Depuis la décision de SP en début d'année, seuls quatre pays de la zone euro bénéficient encore d'un AAA auprès des trois grandes agences: l'Allemagne, la Finlande, le Luxembourg et les Pays-Bas. Il s'agit d'États du nord de l'Europe, ce qui a accentué les divisions politiques, face à la crise, avec des pays du Sud, comme l'Italie ou l'Espagne, mais aussi avec la France.

Pour autant, la décision de SP n'avait pas eu d'effet sur les marchés et, dix mois plus tard, la France emprunte même à des taux d'intérêt historiquement bas, plus faibles qu'à l'époque de la dégradation.

L'ouverture des Bourses européennes mardi, au lendemain d'un net rebond et alors que la crise de la zone euro traverse plutôt une accalmie depuis l'été, sera donc scrutée avec attention. Cependant les experts interrogés par l'AFP ne s'attendaient pas à un impact significatif.

Pour justifier sa décision, Moody's, qui menaçait d'abaisser la note française depuis le 13 février, a invoqué un «risque» qui plane sur la croissance économique de la France, et donc sur ses finances publiques, en raison de «multiples défis structurels», dont «une perte de compétitivité graduelle, mais continue» et «des rigidités des marchés du travail, des biens et des services».

L'agence salue les réformes récemment annoncées par le gouvernement, et son «fort engagement» à les mettre en oeuvre. Mais elle rappelle que la France a rarement réussi à faire aboutir de telles réformes ces vingt dernières années, et juge que les mesures promises aux entreprises «ne devraient pas, seules, avoir l'ampleur suffisante pour rétablir la compétitivité».

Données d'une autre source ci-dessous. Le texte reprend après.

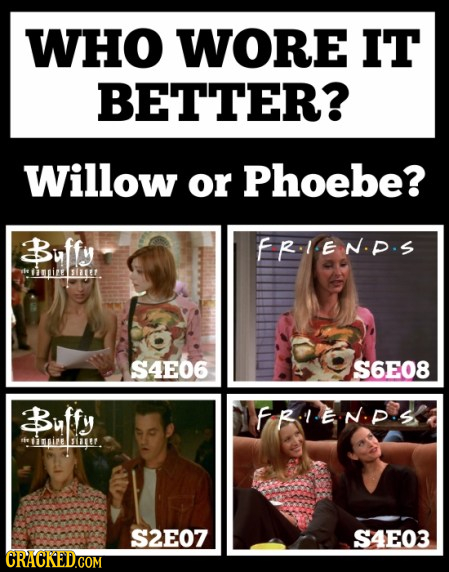 WHO WORE IT BETTER? Willow or Phoebe? Buffy FR.IENP.S he pire ier S4E06 S6E08 Buffy FR.IEN.P.S nire S S2E07 S4E03 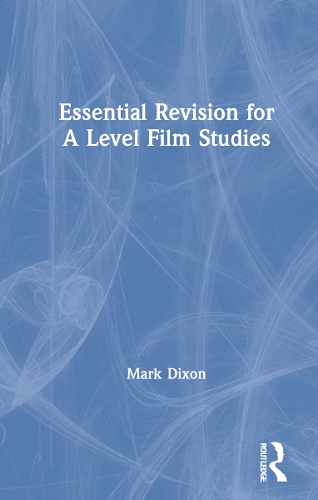 Essential Revision for A Level Film Studies.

La dégradation «nous incite à mettre en oeuvre rapidement nos réformes» en faveur de la compétitivité et la modernisation du marché du travail, a assuré Pierre Moscovici.

Moody's cite aussi des «perspectives budgétaires incertaines en raison de la dégradation» économique. Enfin, selon elle, la capacité de la France à résister à d'éventuels nouveaux chocs futurs de la zone euro «diminue», et ce d'autant que son exposition aux pays fragiles de l'Union monétaire, via les liens commerciaux ou bancaires, «est beaucoup trop importante».

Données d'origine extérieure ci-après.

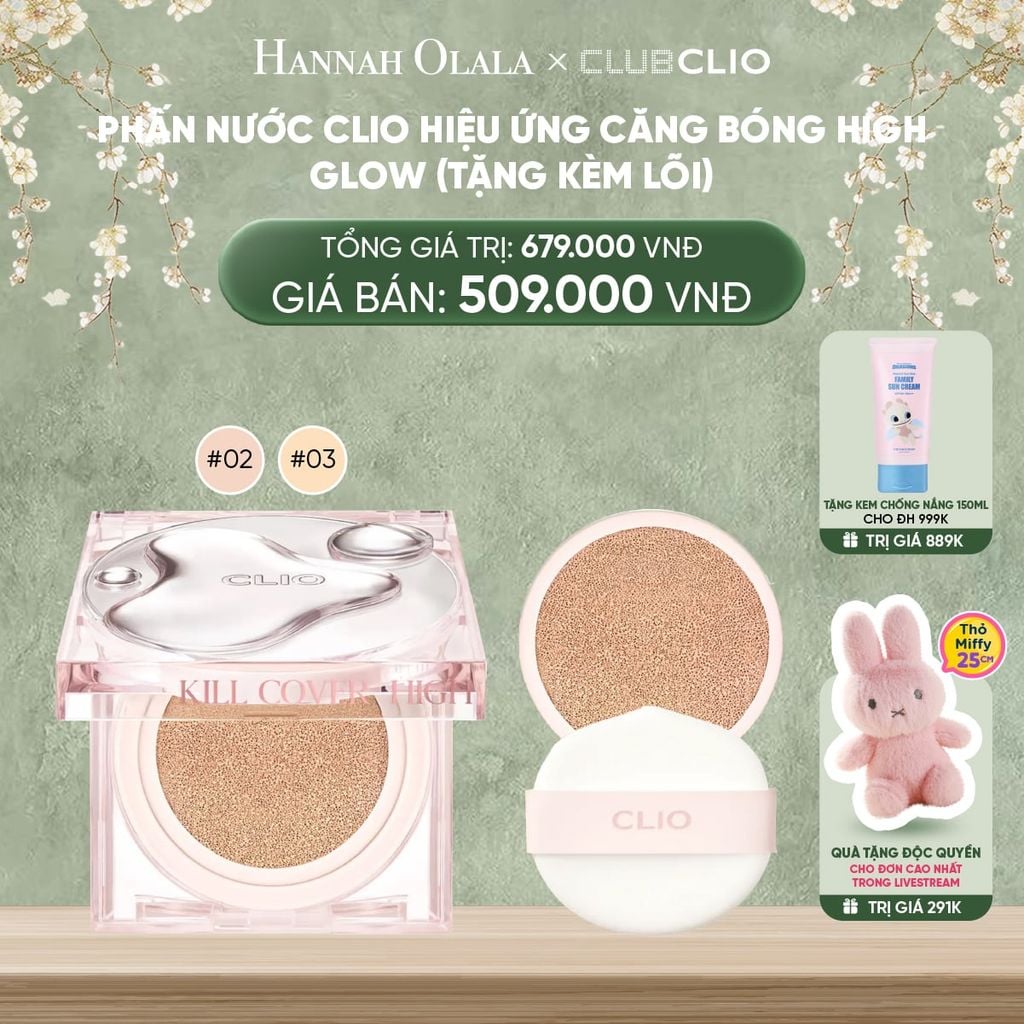  DEAL 3: PHẤN NƯỚC CLIO HIỆU ỨNG CĂNG BÓNG HIGH GLOW (TẶNG KÈM LÕI)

Avant l'élection présidentielle de mai, le candidat socialiste François Hollande avait prévenu: si Moody's dégrade la France, il s'agira d'une «note accordée à la gestion de Nicolas Sarkozy».

Sur la scène européenne, la décision de l'agence peut aussi avoir des répercussions.

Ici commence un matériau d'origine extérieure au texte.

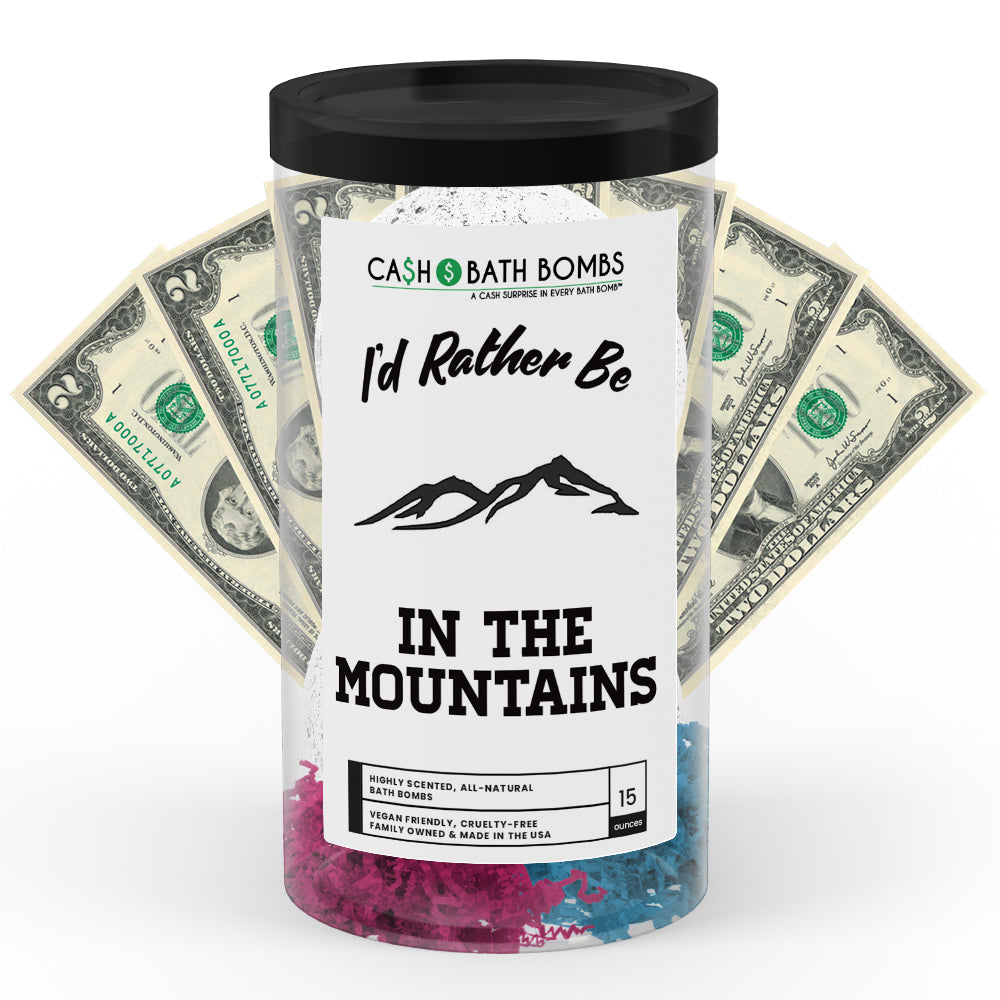 I'd rather be In The Mountains Cash Bath Bombs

L'abaissement de la note de la France par SP en janvier a coûté son «triple A» aussi au fonds de secours temporaire de la zone euro, le Fonds européen de stabilité financière (FESF), garanti par les États de l'Union monétaire. La situation devrait être un peu différente avec le Mécanisme européen de stabilité (MES), car ce pare-feu permanent dispose d'un capital de 80 milliards d'euros qui lui permet d'être moins sensible aux changements de notation des États de la zone euro.